Most companies today have some level of involvement in disciplines like Six Sigma.  What’s common to these sorts of methods is the devotion to data, particularly when it comes to defining the problems to be addressed and the solutions to be implemented.

Data is useful, but it is also seductive.  There are many traps associated with data.  One of the most common is called the “availability bias.”  That means that we make use of the data that we have versus the data that we truly need.

The data we have is incredibly useful for making decisions about known problems and known processes.  But what about decisions where that’s not the case?  What about decisions that relate to the unknown future? What about decisions where there’s a good deal of uncertainty?  In both cases, the most readily available data may not be the most useful data.

Please understand that I am not anti-data.  I love math and science.  But keep in mind that math and science are tools that we use to tell our left-brains stories.  There is never any lack of numbers about anything we can think about in business.  The obvious issue is which numbers to draw people’s attention to and why. Here’s a good story that illustrates what I mean . . .
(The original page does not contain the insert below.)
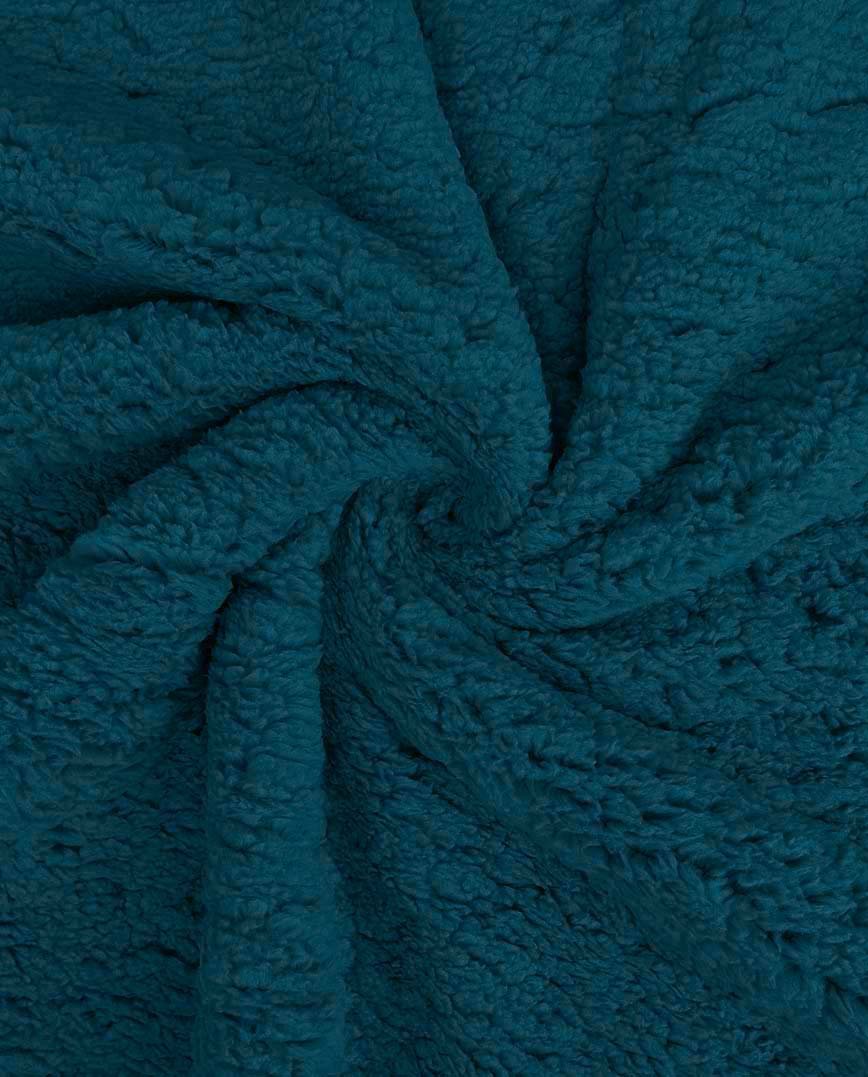 Cuddle Teddy Fleece Knit- Teal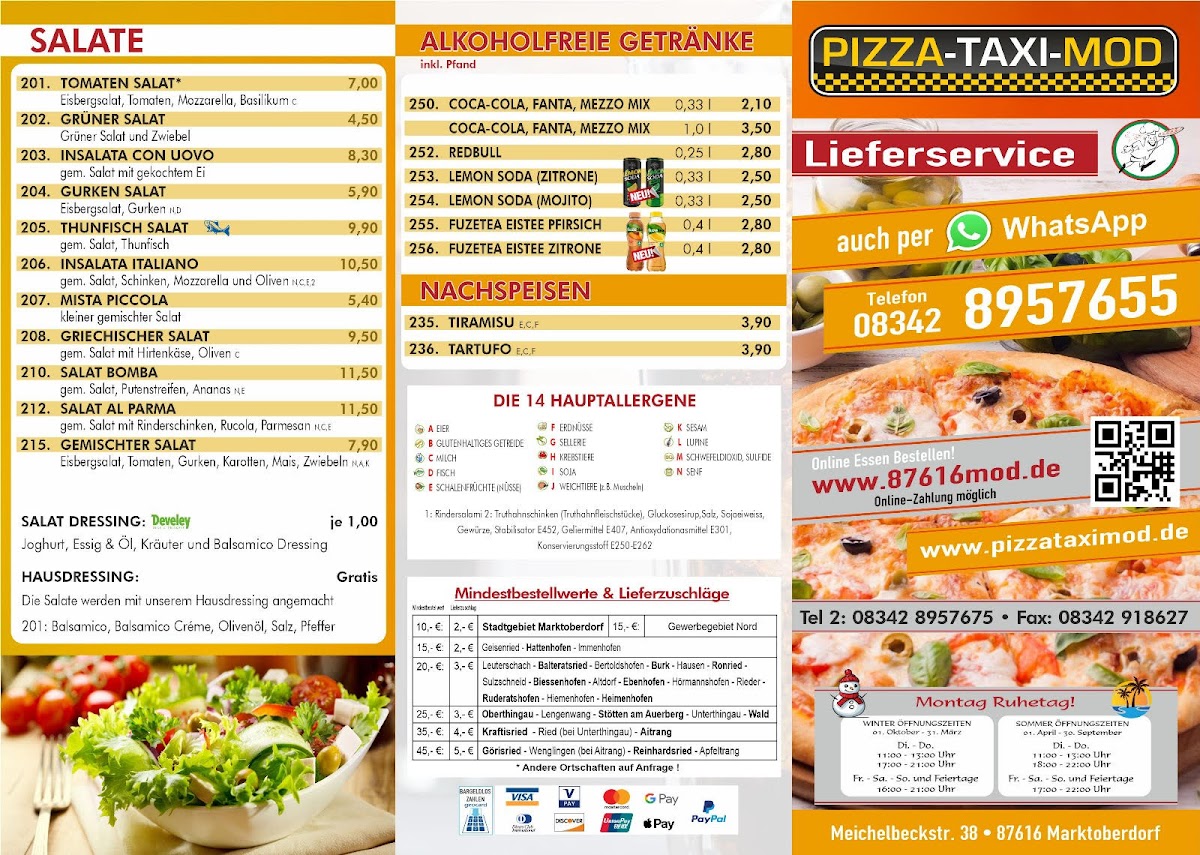 Pizza-Taxi-Mod Photo Menu 2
I often find myself needing to challenge my clients to think more broadly, or differently about a problem.  I find the best way to do that is to tell the story.  One of my favorites is about Subaru in Australia.

Several years ago Subaru was struggling along with essentially no perceptible market share.  Someone did a piece of market research and came up with a fascinating insight: people are willing to drive 45 minutes to buy a car, but only 15 minutes to have a car serviced.  The big “aha” moment came when someone asked a question, “Why is it those two activities have to occur in the same location?”
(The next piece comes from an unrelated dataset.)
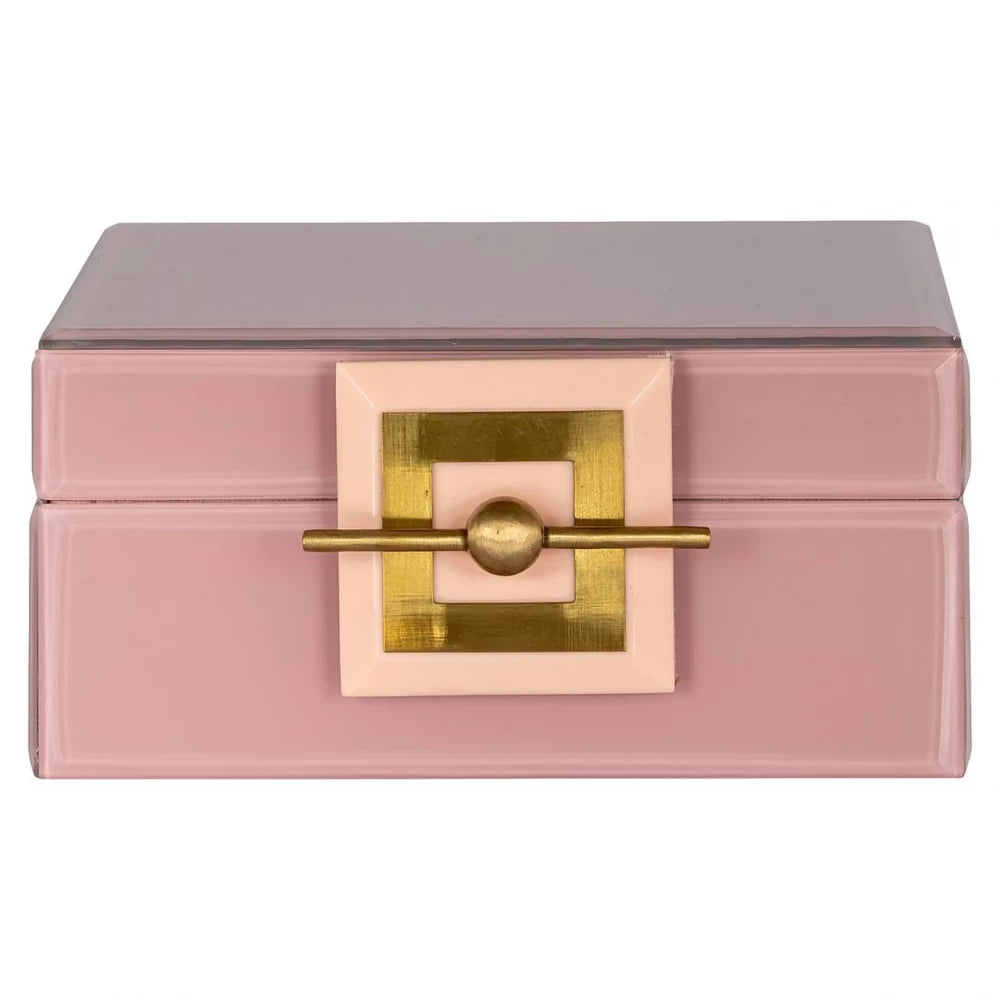 Cutie bijuterii din MDF Roz H8xL16cm Bodine Richmond interiors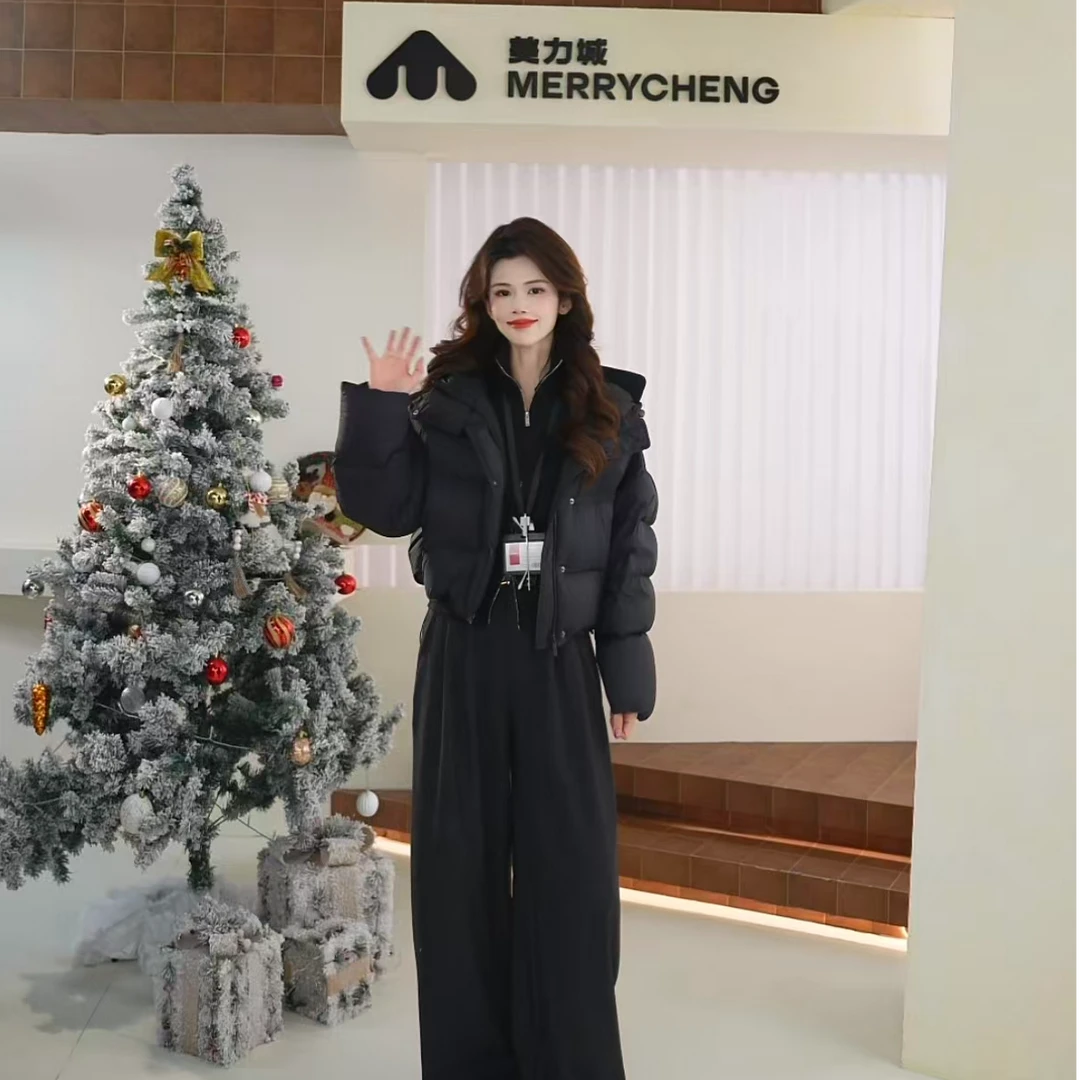 【爆款返场】美力城90白鹅绒女秋冬暖天鹅加长短款小个子羽绒服107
So what did Subaru do?  Well, in Melbourne, they bought up all their dealers and closed them down.  If people were willing to drive to buy, then they decided they would make it the most amazing buying experience anyone had ever seen. It is called Docklands.

At Docklands you can find the normal things that you would expect like a showroom, a parts department, and a service department.  But there is so much more.

Out back they have a whoop-de-do track where you can bounce around in a Subaru Outback to see how it handles in mud and dirt.  They also have an autocross track where you can take a WRX out and slalom it around corners.  They have their rally prep shop right there in the same facility behind a glass wall where enthusiasts can press their noses against the window and lust after high-performance gear for their Subaru. It’s a cornucopia of sensory overload for the car buyer.

There’s more. When you order your car, your car sends you postcards all along the way.  “I’m being made now.”  “I’m being painted now.”  “I’m getting on the boat now.”  “I’m getting off the boat now.”  “I’m at the showroom now.  Come and get me.”

When you come to pick up your car, it’s delivered to you in a special room by a trained person.  The car is on a stage.  After the delivery specialist shows you all the features of the car and how to work them, you get in your car and drive off stage and out the garage door, there to be greeted by clapping and cheering employees of the dealership.

If you own a Subaru, you’re entitled to Subaru roadside assistance.  But not just you, everyone in your family is as well.  So that means if your daughter driving your old six-year-old Honda has a breakdown somewhere in the middle of nowhere, she is now part of the Subaru family as well.  She can call and get the same service you can in your brand-new Forrester.

And what about service?  Well, recall that people don’t want to drive more than 15 minutes for service.  So what did Subaru do?  They put small service facilities all around the Melbourne area so that nobody would have to drive further than 15 minutes to get their Subaru serviced.  In other words they separated the service and sales experience.

And what happened to their market share?  It doubled, and it doubled again, and it doubled again.  The next several years Subaru was the hottest brand in Australia.

A wonderful story, and a great way to provoke people to think about their problems and opportunities from a completely different perspective.

What’s the solution?

This sort of story, a story about “where we’re going,” is fundamental to leadership.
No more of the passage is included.